Without giving too much away, the first of those narrative left-turns results in Bradley Cooper taking over the movie. And as we see Luke's actions unwittingly launch Cooper's character's political career, you kind of can't help but to compare the two actors. In a duel between two of the Sexiest Men Alive, the dude with the prison tattoos always wins.

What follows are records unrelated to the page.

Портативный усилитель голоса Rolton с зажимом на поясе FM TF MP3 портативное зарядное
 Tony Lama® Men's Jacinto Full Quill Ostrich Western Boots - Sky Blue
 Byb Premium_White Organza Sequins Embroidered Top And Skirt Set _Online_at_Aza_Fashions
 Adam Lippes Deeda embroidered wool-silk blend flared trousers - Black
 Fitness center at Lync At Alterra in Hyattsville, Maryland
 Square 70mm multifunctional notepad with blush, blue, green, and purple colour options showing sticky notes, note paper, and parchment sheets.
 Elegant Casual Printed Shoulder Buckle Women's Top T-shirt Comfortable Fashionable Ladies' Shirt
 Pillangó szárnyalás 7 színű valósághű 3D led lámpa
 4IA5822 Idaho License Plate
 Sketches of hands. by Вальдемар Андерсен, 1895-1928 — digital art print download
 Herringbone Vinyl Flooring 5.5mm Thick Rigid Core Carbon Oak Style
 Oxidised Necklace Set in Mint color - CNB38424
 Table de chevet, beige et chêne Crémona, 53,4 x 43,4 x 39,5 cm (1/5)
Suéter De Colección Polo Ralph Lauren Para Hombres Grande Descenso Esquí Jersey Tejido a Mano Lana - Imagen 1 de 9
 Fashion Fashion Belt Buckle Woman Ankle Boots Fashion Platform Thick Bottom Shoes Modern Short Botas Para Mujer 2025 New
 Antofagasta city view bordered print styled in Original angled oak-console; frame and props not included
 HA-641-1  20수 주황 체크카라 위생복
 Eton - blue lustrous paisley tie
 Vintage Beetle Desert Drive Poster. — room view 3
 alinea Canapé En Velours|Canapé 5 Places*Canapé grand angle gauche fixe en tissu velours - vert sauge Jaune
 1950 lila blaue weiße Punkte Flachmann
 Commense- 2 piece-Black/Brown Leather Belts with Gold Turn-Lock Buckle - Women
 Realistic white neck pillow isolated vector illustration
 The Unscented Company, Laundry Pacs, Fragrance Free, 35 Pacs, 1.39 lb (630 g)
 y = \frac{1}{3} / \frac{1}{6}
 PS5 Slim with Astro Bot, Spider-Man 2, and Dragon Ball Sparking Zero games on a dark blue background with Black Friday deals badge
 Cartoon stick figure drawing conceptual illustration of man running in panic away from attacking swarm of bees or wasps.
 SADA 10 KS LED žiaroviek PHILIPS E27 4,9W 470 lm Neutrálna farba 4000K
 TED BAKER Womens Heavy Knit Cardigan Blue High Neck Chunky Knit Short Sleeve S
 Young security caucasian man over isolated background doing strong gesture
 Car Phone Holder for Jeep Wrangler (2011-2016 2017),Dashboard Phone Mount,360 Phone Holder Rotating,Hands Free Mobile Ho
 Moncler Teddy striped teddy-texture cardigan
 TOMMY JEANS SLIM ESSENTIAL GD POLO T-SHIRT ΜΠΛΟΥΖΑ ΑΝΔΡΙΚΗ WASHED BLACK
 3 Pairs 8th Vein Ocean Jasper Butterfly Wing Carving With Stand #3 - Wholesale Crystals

The importance of sound in movies never gets the respect it deserves. Though people might remember a striking image from a film, it's the sound that carries the mood, tension, and the story. As one of my old film school teachers used to say, "Audiences will put up with a crappy image, but if the sound's bad, hang it up." "Berberian Sound Studio" is one of the few movies I can think of that really explores the crafting of cinematic sound. Toby Jones plays Gilderoy, a fragile, exceedingly English sound engineer who ventures to Italy to help create all the screams and splats of a deliriously overripe giallo horror movie. As Gilderoy hacks and hurls his way through piles of watermelons, tomatoes and heads of cabbage to get just the right effect, and as he listens to the movie's actresses record one scream after another, his sanity starts to slip. The studio's gorgeous, contemptuous secretary and its hectoring, ill-tempted producer do little to help his mental health. "Berberian Sound Studio" has the same lurid visual slickness as giallo masters like Dario Argento, but when Gilderoy really goes off the deep end, punctuated by lingering shots of rotting vegetables, the movie verges on Lynch territory. Never has cabbage looked more threatening.